==== PROVIDED DATA ====
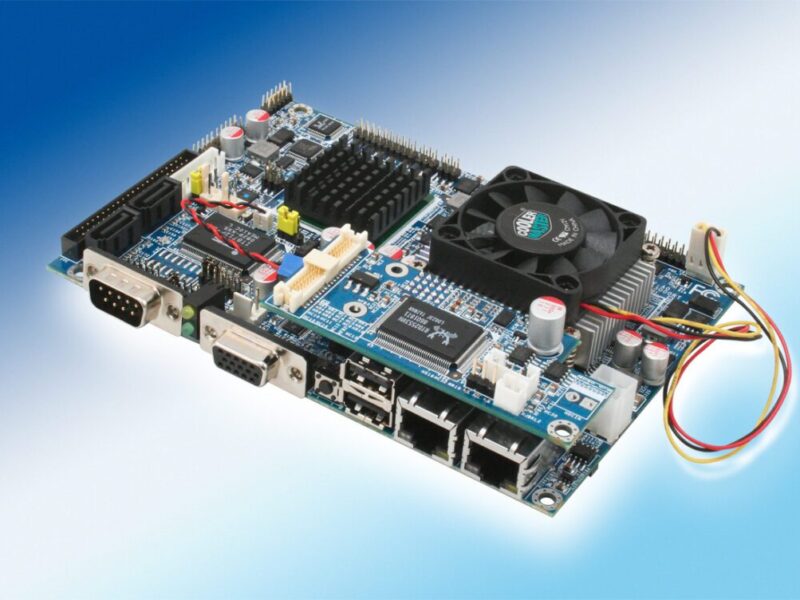 Dual core Atom SBC has long term availability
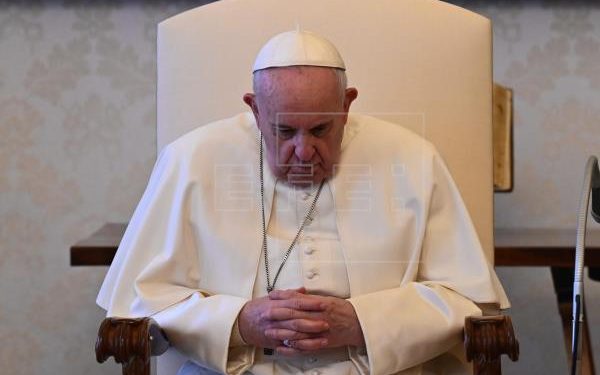 Papa pede ao Brasil “unidade e reconciliação” para superar pandemia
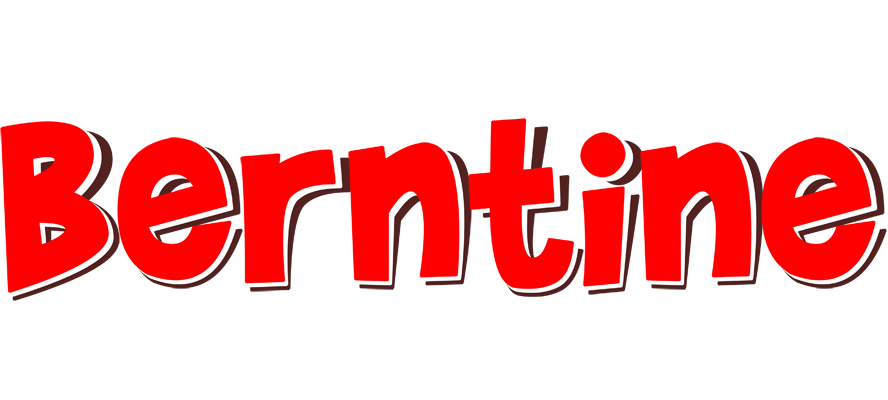 Berntine basket logo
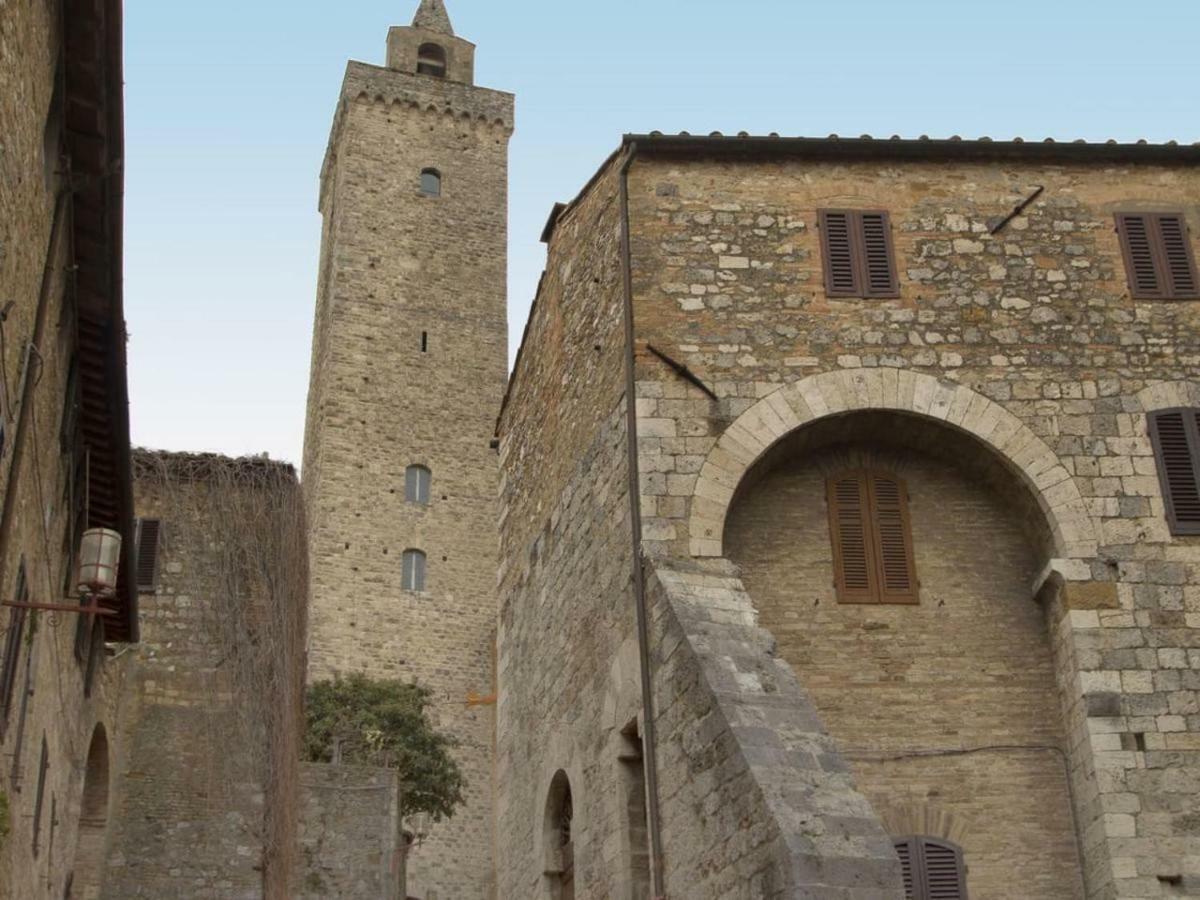 Il Prunello - Una Casa Tra Le Torri San Gimignano Eksteriør bilde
====
WORK REQUIRED: I would like the material above returned exactly as it stands, without its pictures.

WRITTEN RESPONSE:
 Dual core Atom SBC has long term availability
 Papa pede ao Brasil “unidade e reconciliação” para superar pandemia
 Berntine basket logo
 Il Prunello - Una Casa Tra Le Torri San Gimignano Eksteriør bilde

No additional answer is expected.